Image-text web data

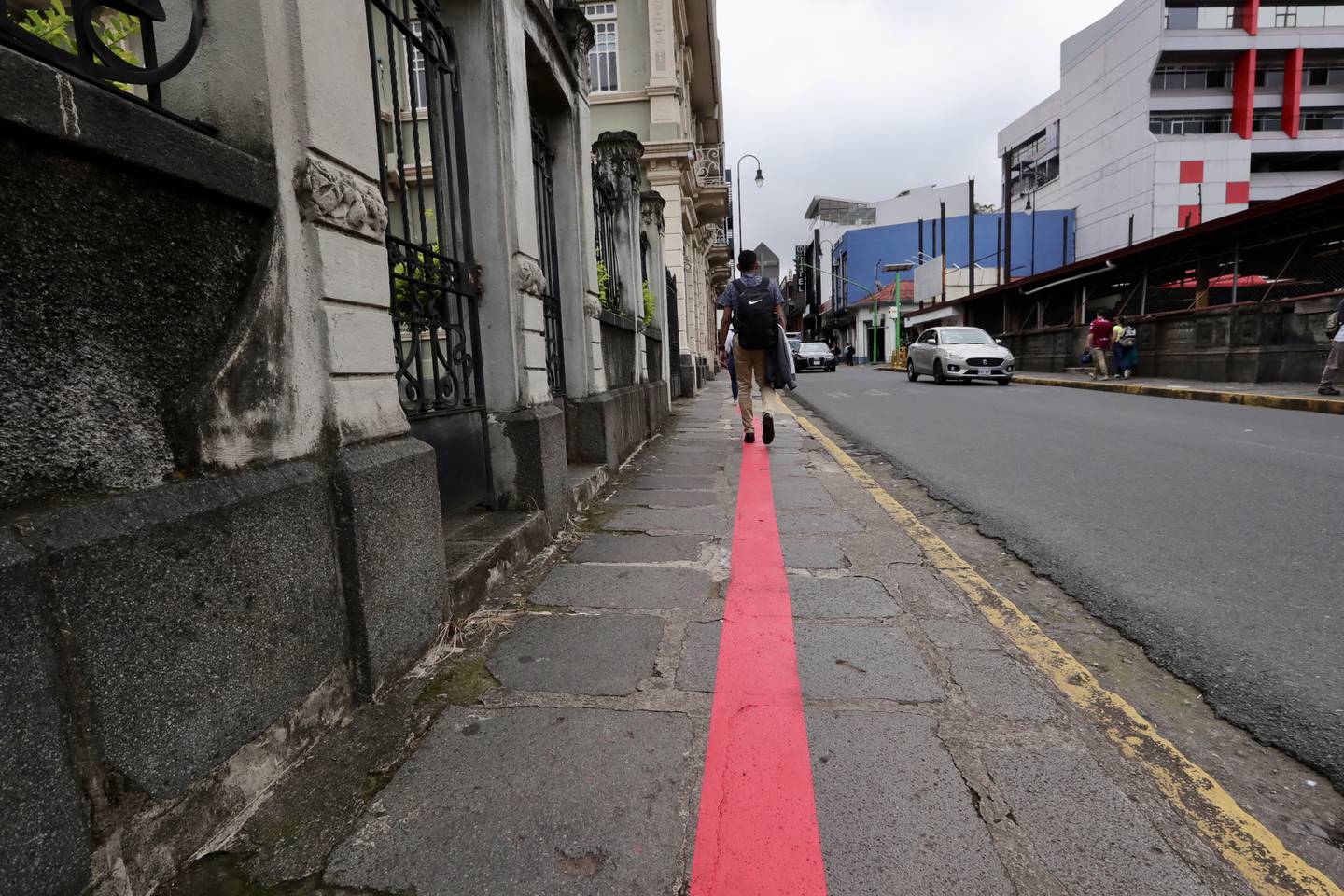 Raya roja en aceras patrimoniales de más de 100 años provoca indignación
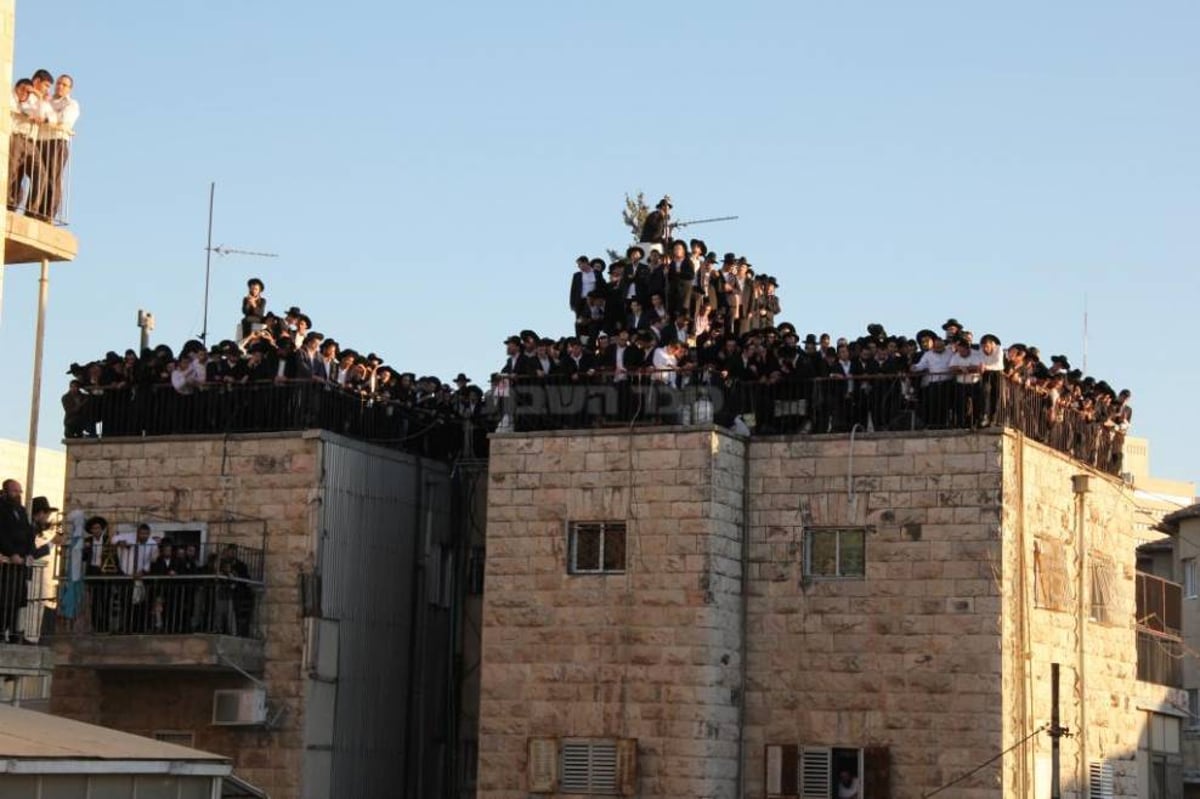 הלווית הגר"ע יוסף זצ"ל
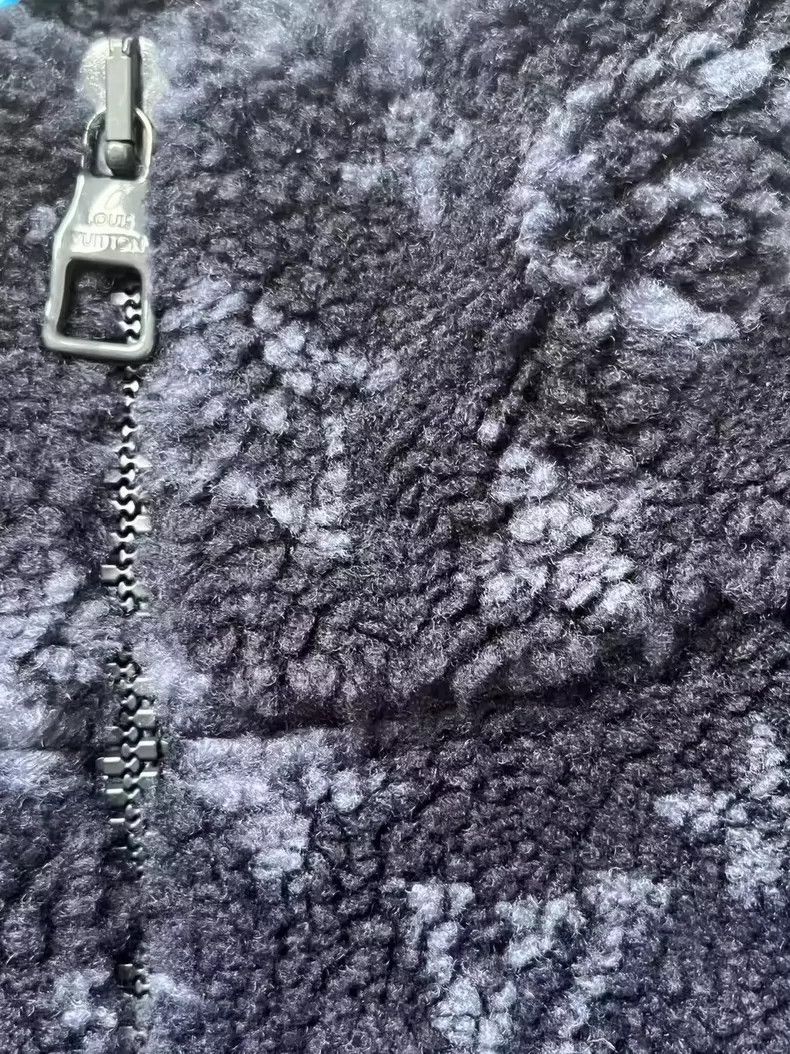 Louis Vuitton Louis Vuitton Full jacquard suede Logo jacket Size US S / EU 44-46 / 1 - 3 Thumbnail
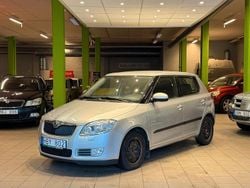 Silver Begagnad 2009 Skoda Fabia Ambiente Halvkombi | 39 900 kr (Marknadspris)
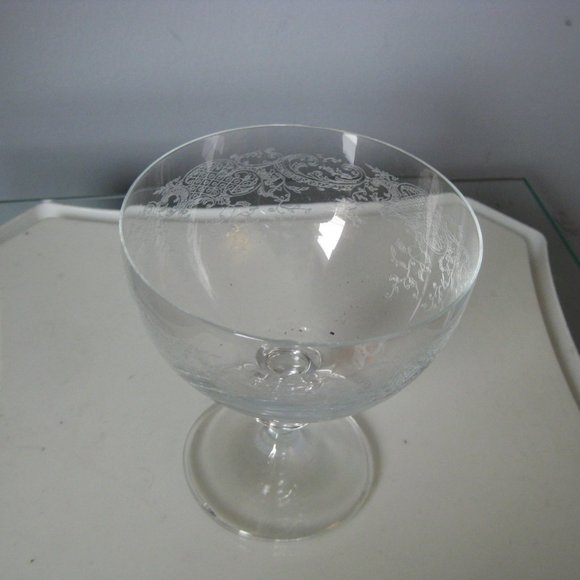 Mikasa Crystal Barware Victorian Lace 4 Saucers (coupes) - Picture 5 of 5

**Exercise instructions**
With pictures excluded, the lines running from the one containing "Silver Begagnad 2009" through the last line of the records above are to be restated exactly and in full.

**Worked solution**
 Silver Begagnad 2009 Skoda Fabia Ambiente Halvkombi | 39 900 kr (Marknadspris)
 Mikasa Crystal Barware Victorian Lace 4 Saucers (coupes) - Picture 5 of 5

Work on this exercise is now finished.